Inherited a new, flat, remote, full-time team (web) of 25 (mostly) junior engineers in Delhi when dominant local (SF) office culture was not optimized for remote work. Needed to transform them into Bay Area-level talent while maneuvering them into a manageable hierarchy while at the same time incorporating a contracting team (VR) of 13 in Lahore

Action

Team Organization

Re-organized (and became productive) as Tribes.

Transitioned work culture to remote by getting stakeholders more comfortable with off-peak-hour meetings.

Processes

Introduced Agile paradigm / SCRUM meetings.

Leveraged Google Forms to craft surveys towards quantitatively and qualitatively bettering processes.

Introduced story-point estimations.

Began mastering Jira / work-breakdown through Epics, etc. Started Automated Testing.

Introduced Coda for Program Management

Performance

Tried Koan for performance management and remote visibility.

Introduced reviews and performance tracking with PeopleGoal, empowering local Indian General Manager with structural tools.

Introduced OKRs.

Introduced accountability through personal / sprint goals.

Introduced bi-weekly series email “Get to Know Me!” (as managed through Google Forms); highlighting two Delhi team members per installment. Also eventally created team videos using smartphone-captured content, stitched together through iMovie.

Releases

Created branching and release strategies.

Provided team with Release Notes template for improving communication with stakeholders.

Speed

Incorporated Performance Engineering mindset.

Quality

Led by example by including hyperlinks and project IDs in correspondance.

Reminded people to provide more context in Jira stories.

Reminded QA to provide easy, concise steps-to-verify and testing credentials to stakeholders.

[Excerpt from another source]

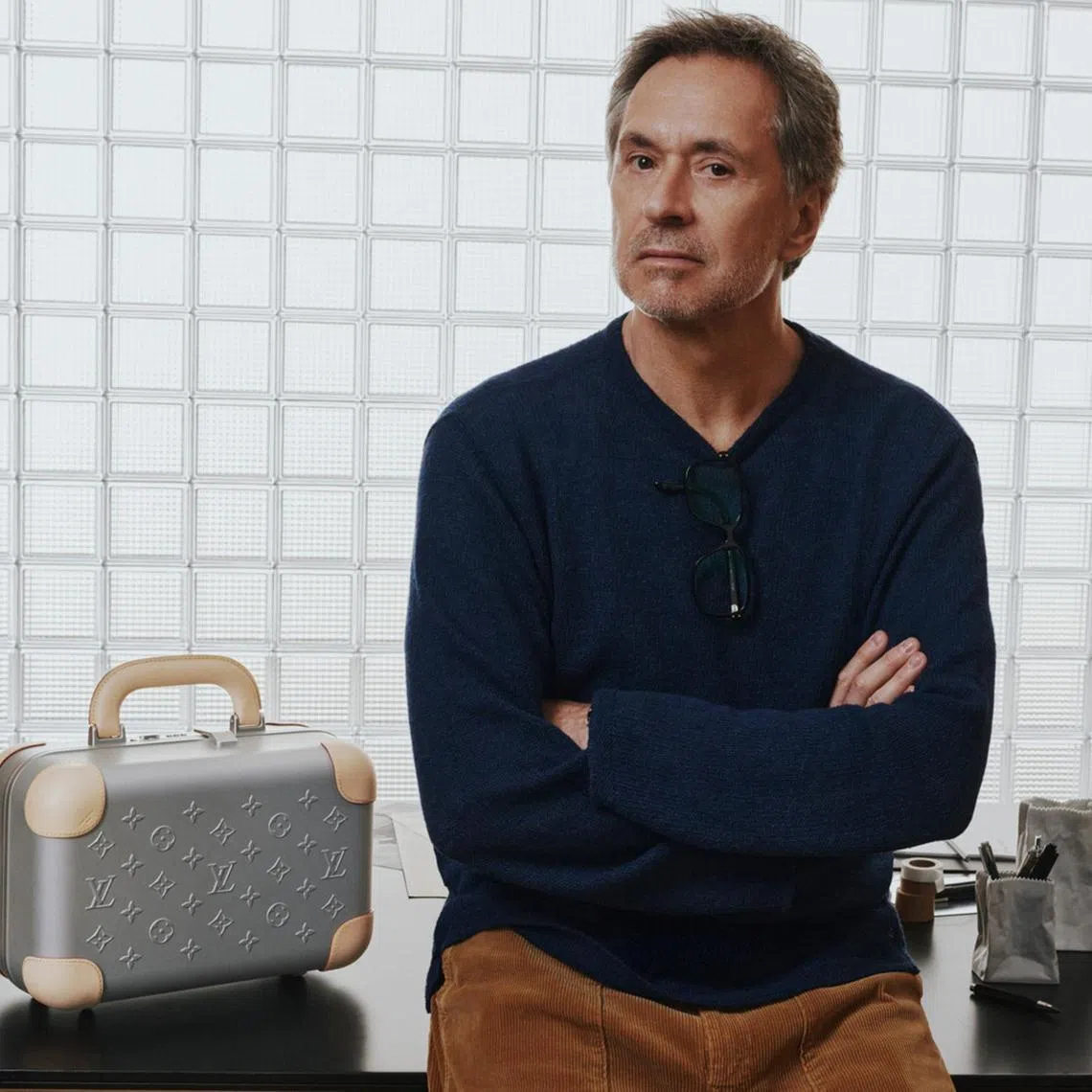 Marc Newson with the Horizon Aluminum suitcase and vanity case.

Introduced the concept of “Bug Severity,” Estimated Time to Resolution, and a simple Google Form for reporting (and emailing) bugs to multiple engineering stakeholders who can triage.

Overall, the whole company has seen a qualitative improvement of content of communications between distributed offices; we are all now incorporating more details leading to faster turn-around of higher-quality code.

Results

  • Created outcome-driven processes, best practices, structure, and mentorship for a new, offshore engineering team.